Name	Type	Description
`spreadsheet_id`	`str`	The ID of the Google Sheets spreadsheet.
`client_email`	`str`	The client email for the Google Sheets API.
`private_key`	`str`	The private key for the Google Sheets API.
`google_token_uri`	`str`	The Google token URI for the Google Sheets API.

`SFTColumnMappingConfig`

Bases: BaseModel

Defines the structure for column mapping configuration.

Attributes:

Name	Type	Description
`input_columns`	`Dict[str, str]`	Mapping of template variables to DataFrame column names.
`dataset_column_names`	`str`	Column name that will be created in the final processed dataset. This column contains the formatted prompt text and maps to dataset_text_field.
`label_columns`	`Optional[str]`	Column name for labels.
`image_columns`	`Optional[Dict[str, str]]`	Mapping of template variables to DataFrame column names containing image paths or URLs.

`StorageConfig`

Bases: BaseModel

Defines the storage configuration for model uploads.

Attributes:

Name	Type	Description
`bucket_name`	`str \| None`	The name of the bucket. `None` (default) means no bucket is configured and cloud uploads will be skipped.
`upload_to_cloud`	`bool`	Whether to upload the model to the cloud.
`object_prefix`	`str`	The object prefix in the bucket.
`endpoint_url`	`str \| None`	The complete URL to use for the storage client.
`provider`	`str`	The cloud provider.
`replace_existing_artifact`	`bool`	When True, upload proceeds even if the remote artifact already exists, relying on the provider's overwrite semantics. When False (default), uploading to an existing remote path raises FileExistsError before the upload is attempted.

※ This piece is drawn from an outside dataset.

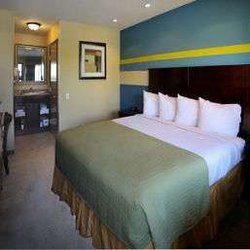 Travelodge by Wyndham San Ysidro - Deluxe King Room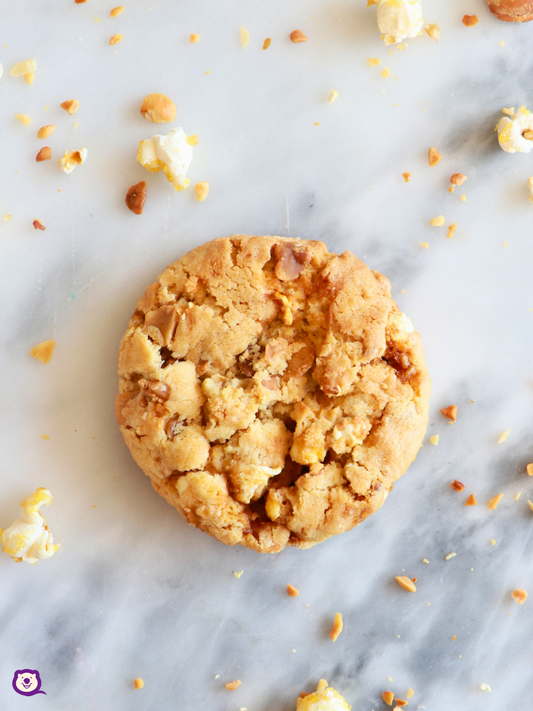 CARAMELIZED POPCORN AND MACADAMIA COOKIE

`VllmSamplingParamsConfig`

Bases: BaseModel

Defines the sampling parameters for VLLM.

Attributes:

Name	Type	Description
`min_p`	`float`	The minimum probability for the top-p sampling.
`top_p`	`float`	The top-p value for sampling.
`top_k`	`int`	The top-k value for sampling.
`seed`	`int`	The seed for the random number generator.
`max_tokens`	`int`	The maximum number of tokens to generate.
`stop`	`list[str]`	The stop tokens for generation.
`include_stop_str_in_output`	`bool`	Whether to include the stop string in the output.
`temperature`	`float`	The temperature for sampling.